▶ _What is required_
Below are the records; return exactly the lines from the one with "Stijlvol ingerichte zithoek" through the final line, both included, minus any pictures.

Start of Given data

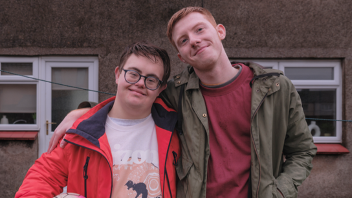 Two people standing close together outdoors in front of a building, one with an arm around the other.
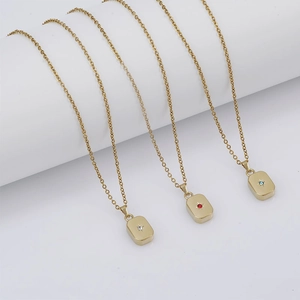 Three gold rectangle necklaces with inlaid white, red and blue zircons on white background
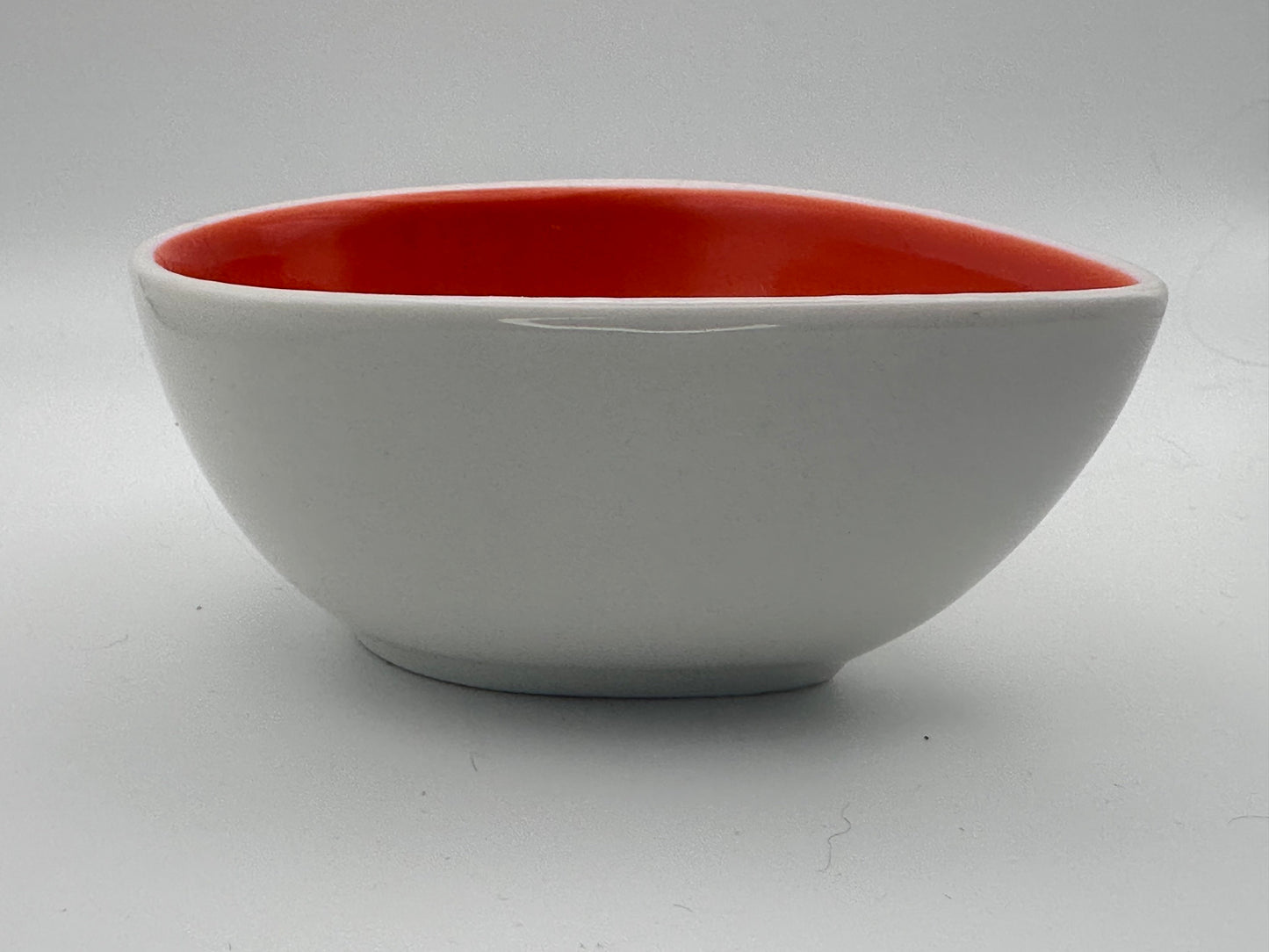 Small Teardrop Ceramic Bowl with Orange Interior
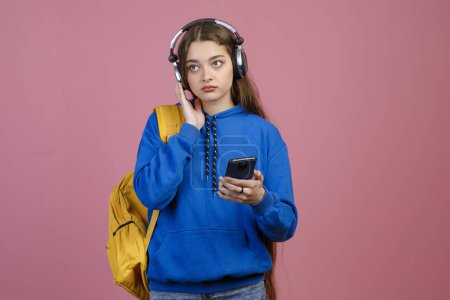 Front view of young pretty female standing, holding, using smartphone. Beautiful schoolgirl with earphones, looking forward, holding yellow rucksack. Isolated on pink background.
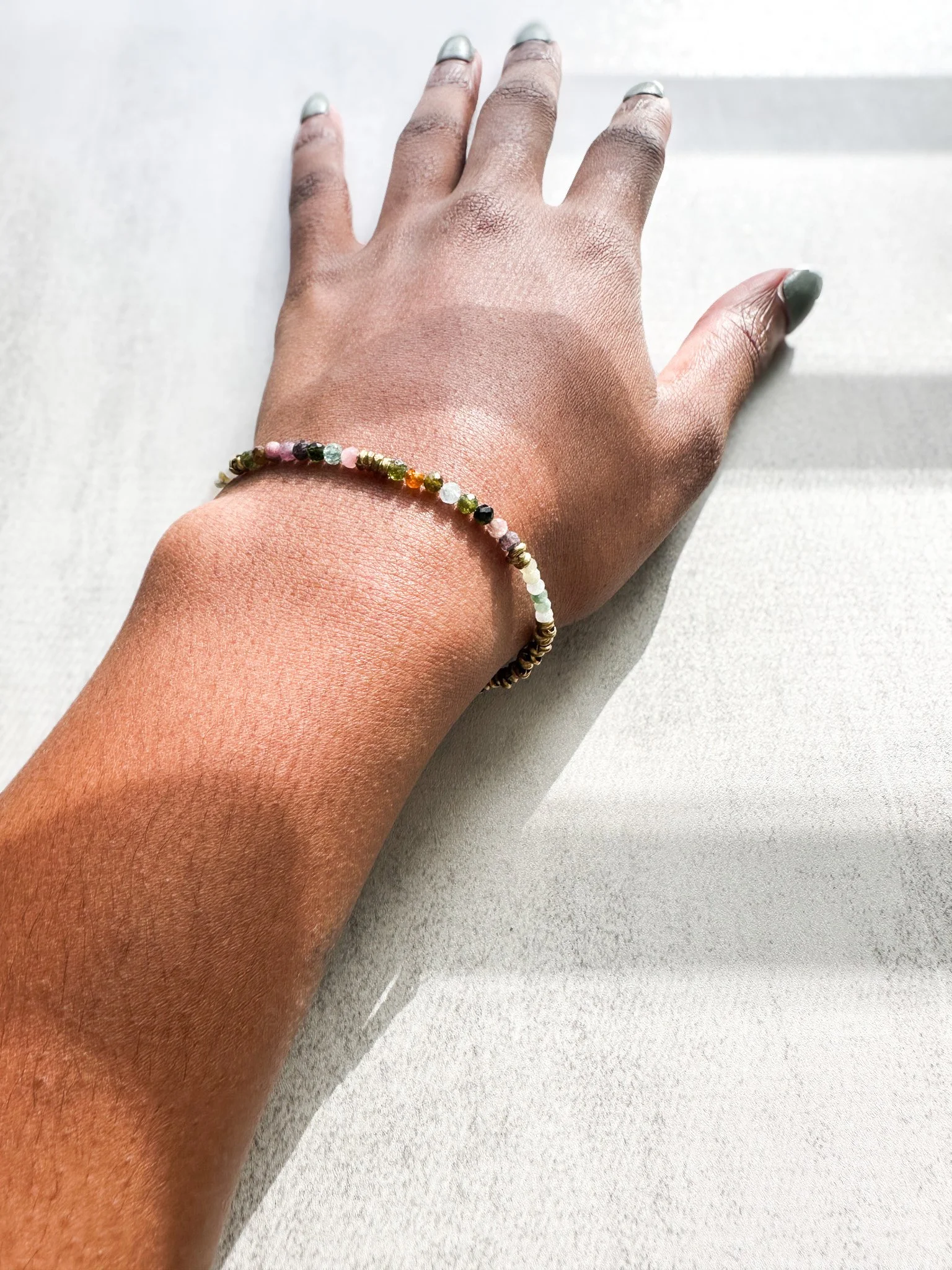 Arden natural gemstone bracelet on wrist with watermelon tourmaline, Burmese jade and rainbow moonstone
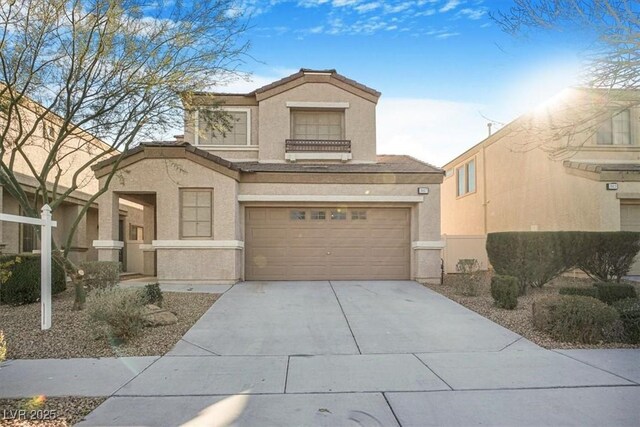 view of front of property with a garage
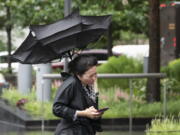 A woman's umbrella is flipped inside out as she walks on a rainy and windy New York street, Friday, July 9, 2021. Fast-moving Tropical Storm Elsa hit the New York City region with torrential rains and high winds as it churned up the East Coast.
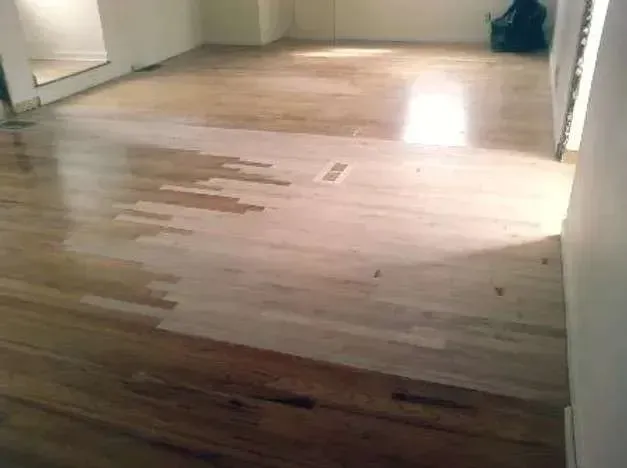 A room with a wooden floor and white walls.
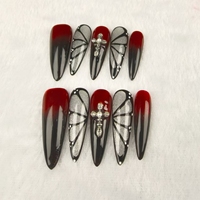 Venta al por mayor mariposa dibujada a mano negro y rojo uñas artacrílicas prensa en las uñas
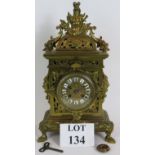 An ornate French brass mantle clock by J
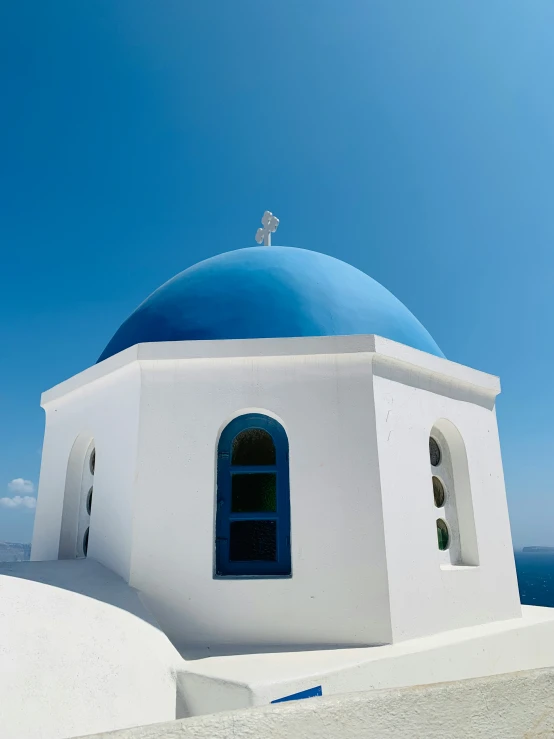 a large white and blue building on top of a hill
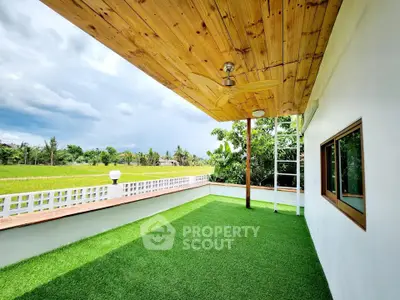 Spacious balcony with lush green artificial grass and wooden ceiling, offering serene views of the countryside.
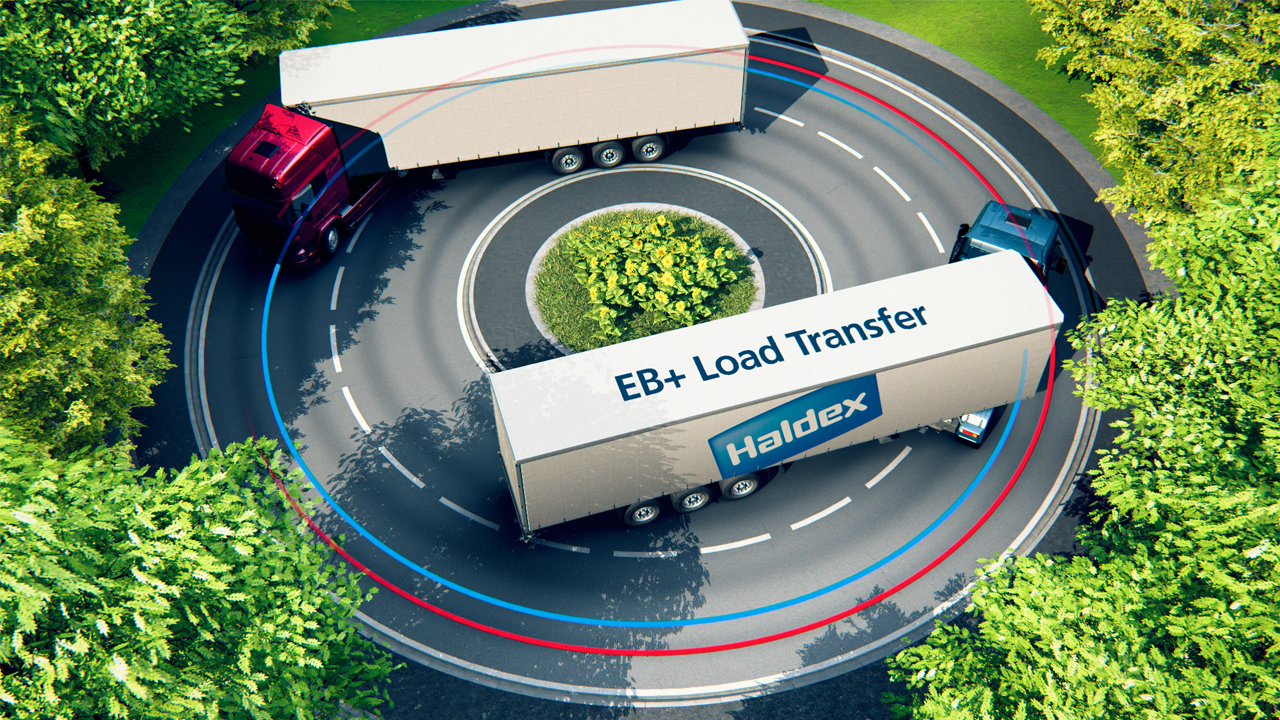 Two trailers navigating a roundabout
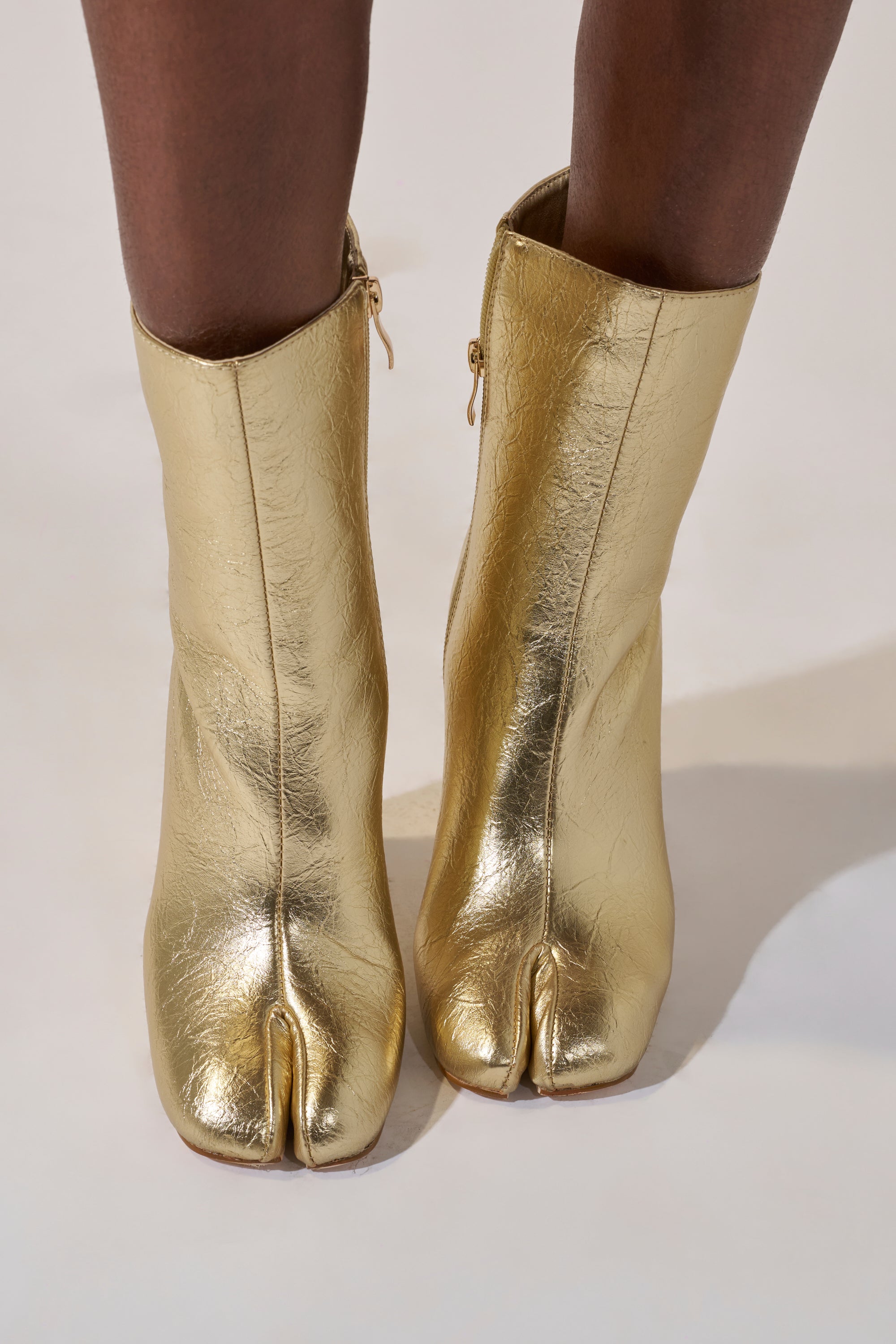 A close-up of someone wearing the AZALEA WANG BILHA GOLD SPLIT TOE CHUNKY BOOTIE, featuring shiny gold material and a distinctive split-toe ("tabi") design, as they stand on a light surface.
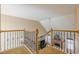 Staircase with carpeted steps, wood railing, and view of the living room below at 2121 Rock Court, Loganville, GA 30052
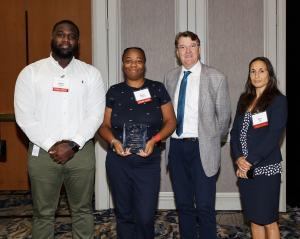 Left to Right: Assistant Director Jason Simmons, Director Gwen Broadway, CEO Peter Evers, and EVP Ulea Lago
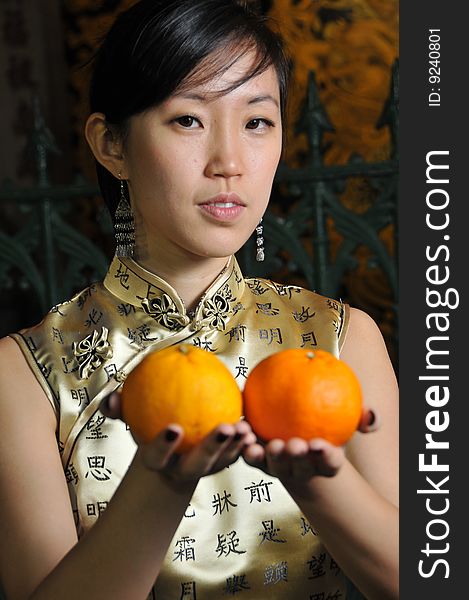 Beautiful Asian woman in cheongsam holding two oranges, suitable for Chinese New Year occasion. Beautiful Asian woman in cheongsam holding two oranges, suitable for Chinese New Year occasion.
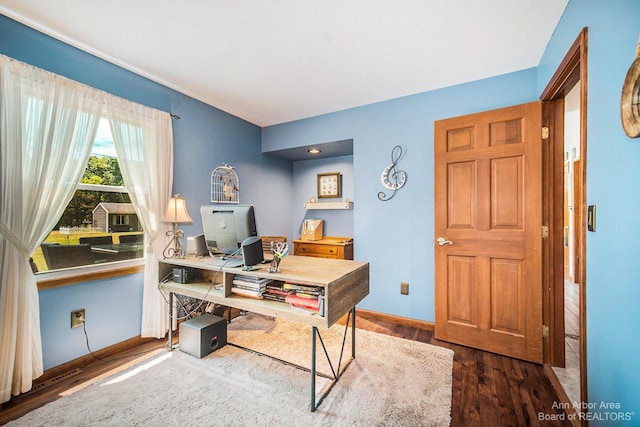 office space with dark hardwood / wood-style floors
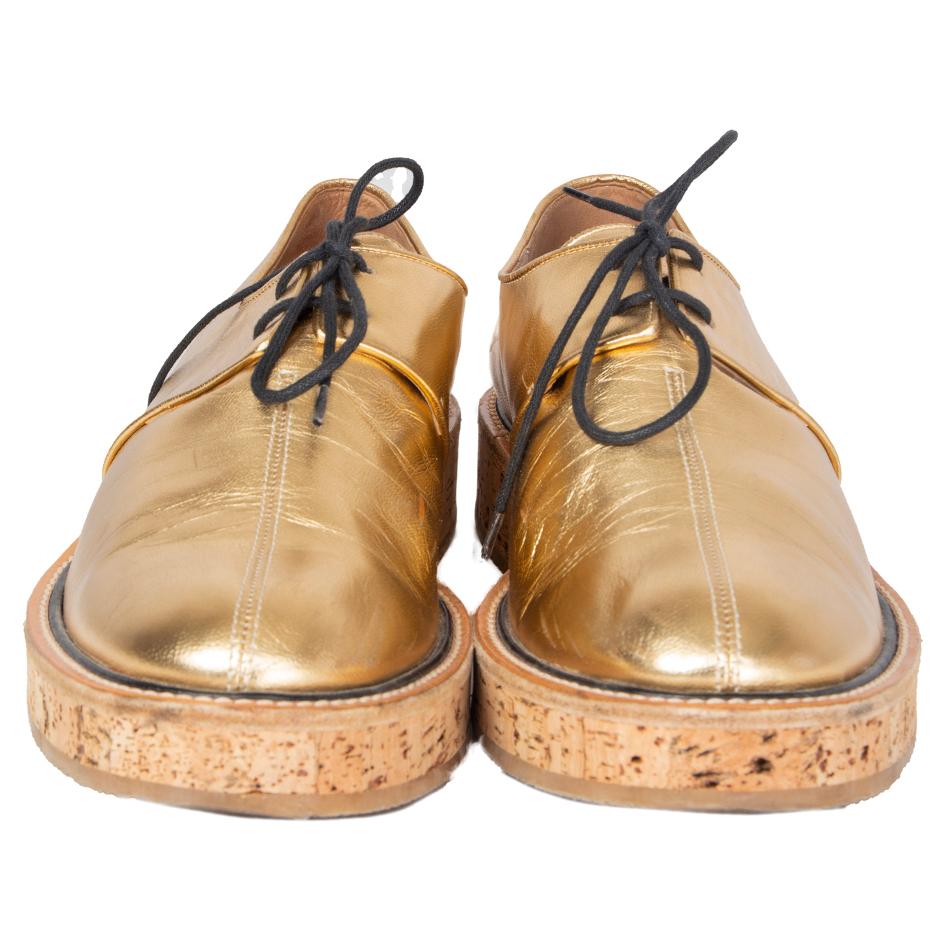 100% authentic Dries Van Noten derbies in metallic gold-tone calfskin featuring a beige cork and rubber sole. Have been worn and are in excellent condition. 

Measurements
Imprinted Size	41
Shoe Size	41
Inside Sole	27cm (10.5in)
Width	8cm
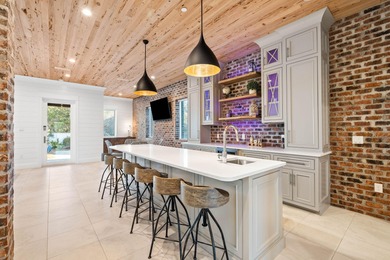 Positioned along the iconic Scenic Highway 30A, 3325 E County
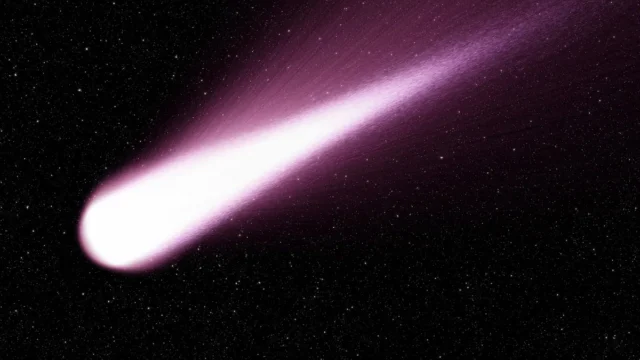 A bright comet with a glowing purple tail streaks across a star-filled dark space background.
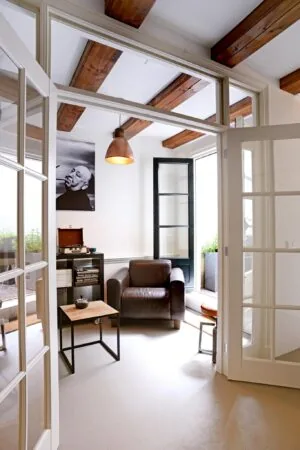 Stijlvol ingerichte zithoek met leren fauteuil, platenspeler en openstaande deuren in een woning aan de Nieuwe Kerkstraat.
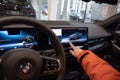 man in car driving BMW i5 eDrive40, manipulates electronic display, digital panel, cockpit modern EV, male hands on steering wheel
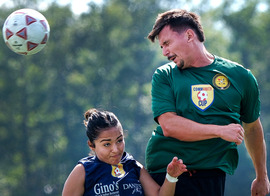 A Chesterfield first responder goes up for a header during the 2024 Community Cup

End of Given data

▶ _Solution to this exercise_
 Stijlvol ingerichte zithoek met leren fauteuil, platenspeler en openstaande deuren in een woning aan de Nieuwe Kerkstraat.
 man in car driving BMW i5 eDrive40, manipulates electronic display, digital panel, cockpit modern EV, male hands on steering wheel
 A Chesterfield first responder goes up for a header during the 2024 Community Cup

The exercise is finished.